Les systèmes allaitants dominant dans le sud et sud-est du Brésil, champion du monde de l’exportation de bœuf, sont simples comme « bom dia » et imbattables au niveau coût de production. Enquête au Minas Gerais.

Réussir Bovins viande a visité deux grosses exploitations en élevage allaitant situées, toutes deux, au sud de l’État du Minas Gerais, lequel est vaste comme l’Hexagone et peuplé de 22,5 millions d’habitants et de… 22,9 millions de bovins.

Ces deux fazendas (fermes) présentent l’intérêt d’avoir servi de modèle, au vu de leurs performances et de leur simplicité, à des centaines d’autres distribuées dans tout le sud et le sud-est du pays. D’où ce focus.

Rappelons qu’au Brésil ont lieu les effets dramatiques de la déforestation en Amazonie, mais aussi dans le Cerrado et le Pantanal, sous l’avancée trop souvent hors de contrôle de l’agriculture et de l’élevage. À ce propos, nous ne ferons, ici, que donner la parole aux éleveurs rencontrés. Tâchons plutôt de comprendre la rentabilité de leurs systèmes de naissage et de repousse hors des zones les plus sensibles au niveau environnemental.

Helvêcio Oliveira a été notre guide pendant quatre jours non-stop. Vétérinaire de 58 ans, il dirige trois grands domaines d’élevage dans le giron de sa famille et de sa belle-famille (une de 2 483 ha de son côté, et deux autres du côté de sa femme, de 1 011 ha et de 805 ha). Helvêcio intervient par ailleurs, en tant que consultant externe, sur cinq autres grandes fermes de la région, toutes spécialisées en viande bovine. Parallèlement, il encadre une équipe de 80 techniciens au sein de l’organisme d’assistance technique mutuel (Senar) du syndicat agricole du Minas Gerais (FAEMG). Ces derniers interviennent sur 1 950 fermes. Dans l’univers du bœuf, au Minas Gerais, Helvêcio Oliveira a l’œil partout.

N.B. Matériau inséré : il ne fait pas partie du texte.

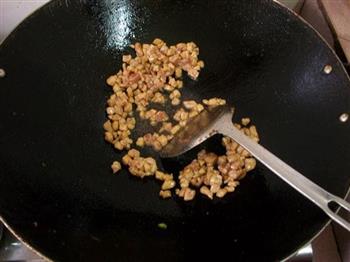 豌豆肉丁的做法步骤4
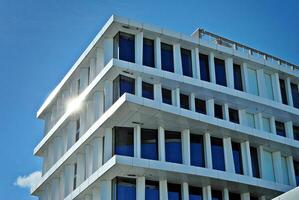 abstract detailopname van de glas bekleed facade van een modern gebouw gedekt in reflecterende bord glas. architectuur abstract achtergrond. glas muur en facade detail. foto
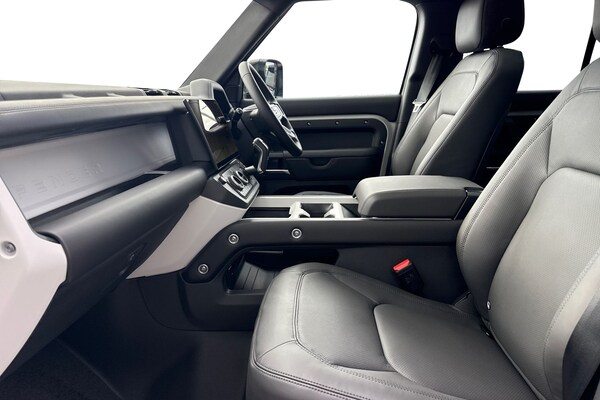Used Land Rover Defender 110 2025 for sale - 76249205: Photo 3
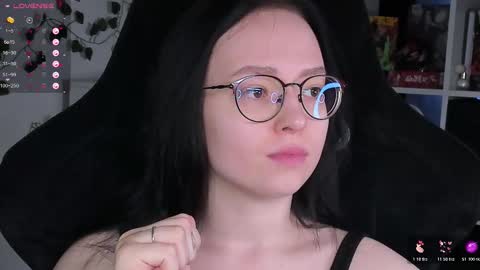 Robyn online show from November 6, 11:22 am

Un système herbager, simplifié à l’extrême

La première des fermes visitées, située à São João Nepomuceno, occupe les flancs de collines situées à 400 m d’altitude et à 150 km de Rio de Janeiro à vol d’oiseau. Elle est recouverte de prairies autochtones (Brachiaria) et accueille 1 600 veaux et génisses de souche zébu. L’exploitation est spécialisée dans l’engraissement de femelles. Son système herbager, simplifié à l’extrême, est immuable depuis 25 ans. Elle occupe un vacher et ses deux assistants. Son coût de main-d’œuvre ramené à l’hectare est imbattable.

Cette propriété de 1 011 hectares dont 300 hectares de forêt ramassée dans des creux de vallée comprennent 27 sources d’eau : de l’ombre et de l’eau à foison. Un atout de taille pour qui travaille sous un climat tropical. Le reporter qui a fait une insolation sur son cheval lors de la visite peut en témoigner ! De fait, il n’y a aucune structure pour accueillir le bétail, hormis les clôtures. Ça aussi, ça réduit les coûts.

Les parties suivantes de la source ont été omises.